Qualms about Culture

Has multi-culturalism gone underground? I think it has. But using a word like culture, I’m necessarily talking about a mysterious structure nobody can reduce to a science; hence I go by hunches and feelings. A laudable impulse to promote toleration lies behind that notion, but little in the way of reasoned reflection. Behind that idea is the understanding that culture is something like self-expression, akin to that peculiarly modern concept of Speech. Since any human action may be interpreted as speech in New-Speak, multi-culturalism translates in practice to free expression. What proponents of this kind of toleration overlook is that culture contains more than manners, dress, social behavior, customs, rituals, and language. Cultures more potently enforce relationships between people and carry values at their core.

Rightly or wrongly, I’ve always interpreted the idea of multi-culturalism as asserting that all cultures are equal; that amounts to saying that all value-systems are equal. There I demur. Cultures are certainly containers of good and bad habits. They transcend time in that the past is still actively present in them (as habit) and they also carry theories of the future. Ours, at present, still has a progressive character; a habitual mode of feeling in our culture is that the future will be an improvement over the past; some of our uneasiness at present comes from observing that this may not be true.
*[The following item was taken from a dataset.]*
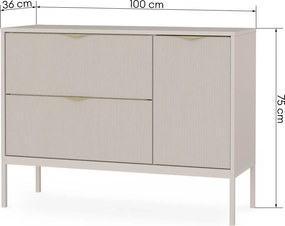 Skříňka pod umyvadlo Livia s deskou 100 cm kašmírová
Once we’ve digested that message, the culture will change again.

Cultures are particularly different in defining male-female relationships. The western culture still carries residual strains of the Roman view that the male head of the family is a law onto himself. The same sort of barbaric view colors Hindu culture too; widows once were ritually burned when their “owner” passed on. The biological destinies of humans are, to be sure, a kind of natural imperative. The child-bearing female and the needs of the child have produced the division of labor between males and females. These are blurred in our super-rich modern civilization. And, over time (if power really tends to corrupt, as we routinely repeat) the male, dealing with the dangerous outside world, began to exert dominance inward as well as out. That’s a bad habit. The culture crystallized and made it legitimate. Why? Males, who shape the Outer, liked it that way. The Muslim culture, despite the Prophet’s mostly token attempts at reform, reflects the cultural modes of the Arabs of the time of the founding—which was not that different from the Western way. Hence, there too, the males dominate in ways we find outrageous; female genital mutilation in Africa is an extreme example. It takes enormous efforts to imagine a culture in which female dominance was an accepted habit, yet we have some, to be sure almost eroded, traces suggesting that once it was so.

But to return to my initial thought: multi-culturalism has gone underground, or so it seems to me, as soon as external conflict, thus the 9/11 attack, reminded us that cultures carry value systems. And once we’ve become sharply aware of that, the promotion of this kind of thing becomes difficult to maintain consistently. We are forced to think about details, the values that cultures carry, not merely outward and peripheral matters like dress. And even regarding dress, there is the Muslim veil and, worse yet, the full-bodied burqa with slits or holes in the head-piece where the woman can modestly to peer out. (I am making horrid faces at my screen.) You cannot draw arbitrary lines anywhere. Cultures are eco-systems on another plain above the physical but impress their patterns even on dress. And these methods of enforcing “modesty in dress” (hijab) have a lot to say about male dominance and the structure of values that underlies it. As for our own aggressively projected public sexuality—that too proclaims a kind of value system that, if we reflect upon it rationally, is no better. Indeed, as feminists have rightly pointed out, it too promotes a false relationships between men and women.